Como responder aos sofrimentos de Deus (Mt 25,31-46) – Festa de Cristo Rei e Servidor. Por Marcelo Barros

Como responder aos sofrimentos de Deus (Mt 25,31-46) – Festa de Cristo Rei e Servidor. Por Marcelo Barros

 Neste último domingo do ano litúrgico, o XXXIV, dia 26/11/2023, que a Igreja Católica continua chamando de Festa de Cristo Rei, o evangelho deste ano é Mateus 25,31 a 46, a parábola do julgamento final. De fato, a Reforma Litúrgica de 1969 transferiu essa festa do final de outubro para o último domingo do ano litúrgico. Assim, deu a essa celebração o sentido de apontar a esperança que temos no reino de Deus que virá.  É verdade que, até hoje, grupos católicos tradicionalistas cantam e propagam o antigo hino ao Cristo Rei que tem como refrão:

Jesus Rei Deus verdadeiro

O teu Reino venha a nós

Obedeça o mundo inteiro

Ao poder de tua voz

Todo o orbe homenagens Lhe renda

Aos seus pés traga o mundo cristão

De almas livres a livre oferenda

Corações para o seu coração!

Nesses versos, o reino do Cristo é identificado com o poder da hierarquia da Igreja-Cristandade, isso que o hino chama “o mundo cristão”, que convivia muito bem com o domínio do homem sobre a mulher, o racismo estrutural, o extermínio dos povos indígenas, a escravidão das populações negras e tantas outras injustiças sociais.

Infelizmente, mesmo se o mundo de hoje é decididamente mais laical e independente de religião, ainda existe em muitos setores cristãos, das mais diferentes Igrejas, o desejo de restaurar essa religião civil que tem muito de costumes religiosos e pouco do evangelho de Jesus.
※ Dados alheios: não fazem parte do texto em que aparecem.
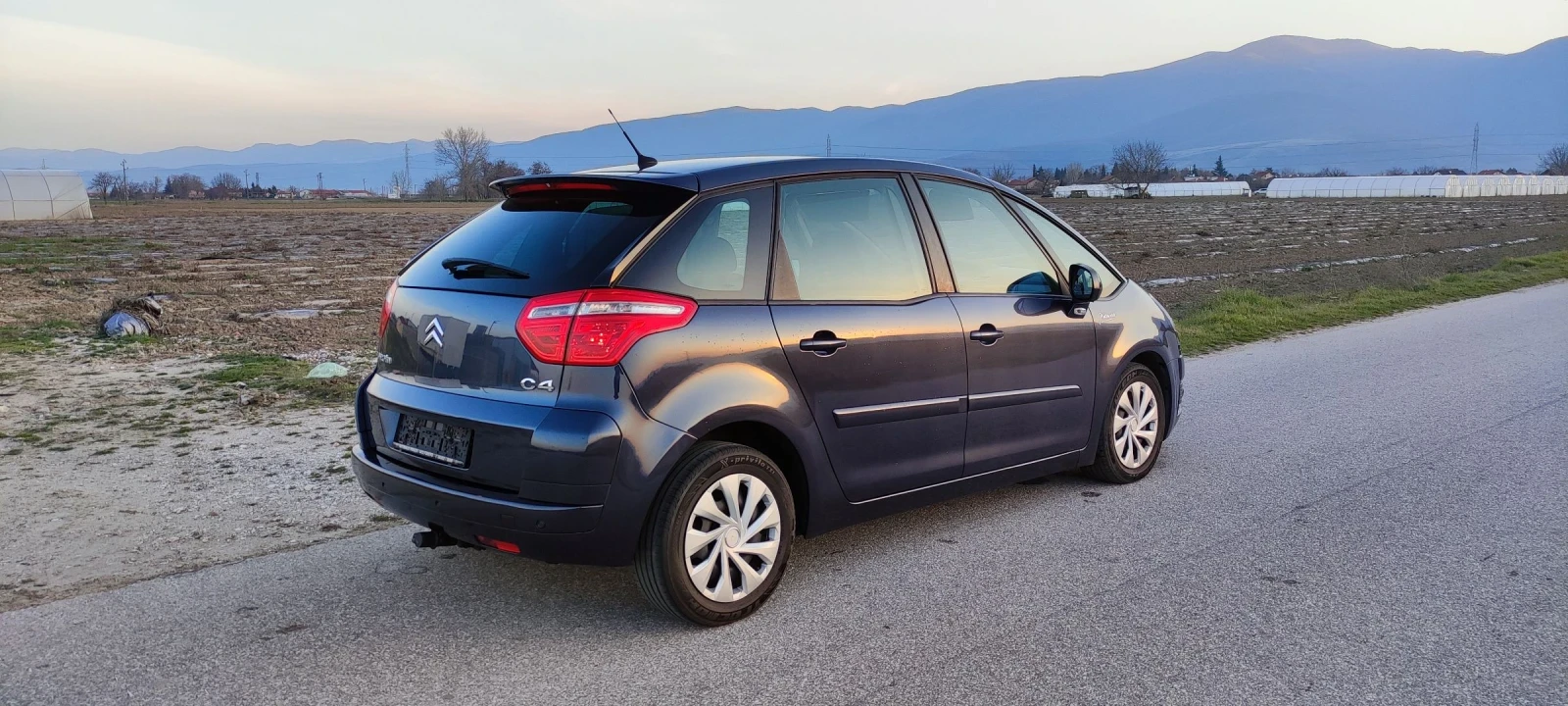 Citroen C4 Picasso 1.6HDI, снимка 2 - Автомобили и джипове - 53817773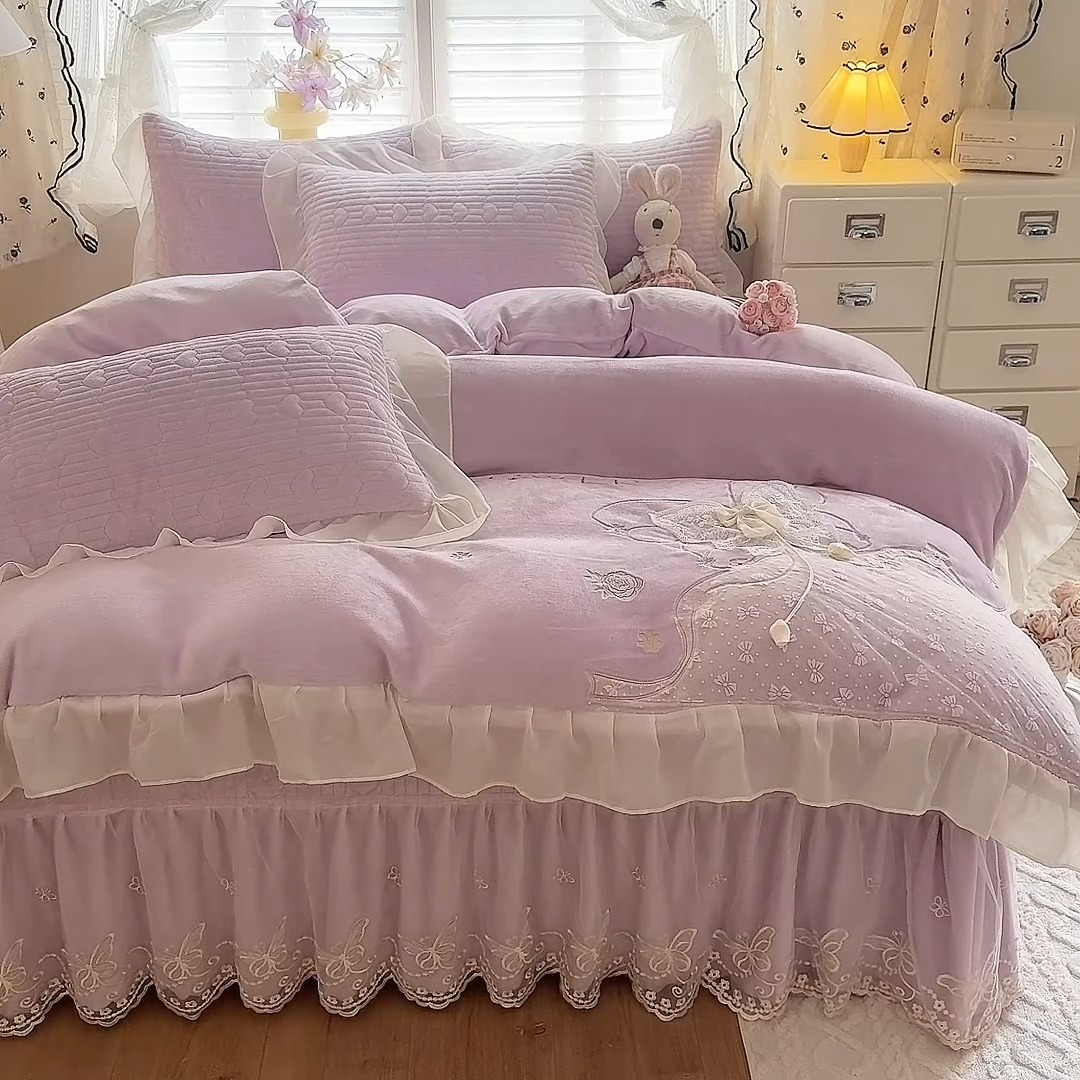 91家纺网 家纺一手货源 找家纺 （总）漫布云2025秋冬新款11斤230g全消光牛奶绒夹棉床盖款四件套纯色蕾丝花边刺绣床裙款床盖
É nesse espírito que compreendemos a preocupação de Dom Hélder Câmara, quando, há mais de 55 anos, escrevia: “Jesus me compreende quando digo que não gosto da festa de hoje, nem acho que ele queria ser chamado de rei”  (53ª circular – 22/10/1964)[1]

A respeito da parábola lida no evangelho de hoje, dois exegetas belgas sustentam que essa parábola, do modo como está escrita, foi construída pela comunidade de Mateus. Afirmam: “Jesus nunca chamaria a si mesmo de rei nem se atribuiria o papel de juiz, que ele sempre pensou ser reservado ao Pai[2]. No entanto, é possível que o núcleo da parábola venha de Jesus e esse núcleo é a identificação de Jesus com as pessoas empobrecidas e excluídas do mundo. 

Toda a espiritualidade rabínica insistia na imitação de Deus. O livro do Talmud ensina que devemos imitar Deus. E ensina que nós imitamos a Deus, quando vestimos os nus, assim como Deus vestiu Adão e Eva, quando os nossos primeiros antepassados se viram nus no paraíso. O Talmud ensina que devemos visitar as pessoas doentes, como Deus visitou Abraão, depois que ele foi circuncidado. Do mesmo modo, assim como Deus confortou e abençoou Isaac, depois que esse perdeu o pai, temos nós também de confortar os enlutados. E devemos enterrar as pessoas falecidas, assim como Deus enterrou Moisés no monte Nebo (b. Sotah, 14ª)[3].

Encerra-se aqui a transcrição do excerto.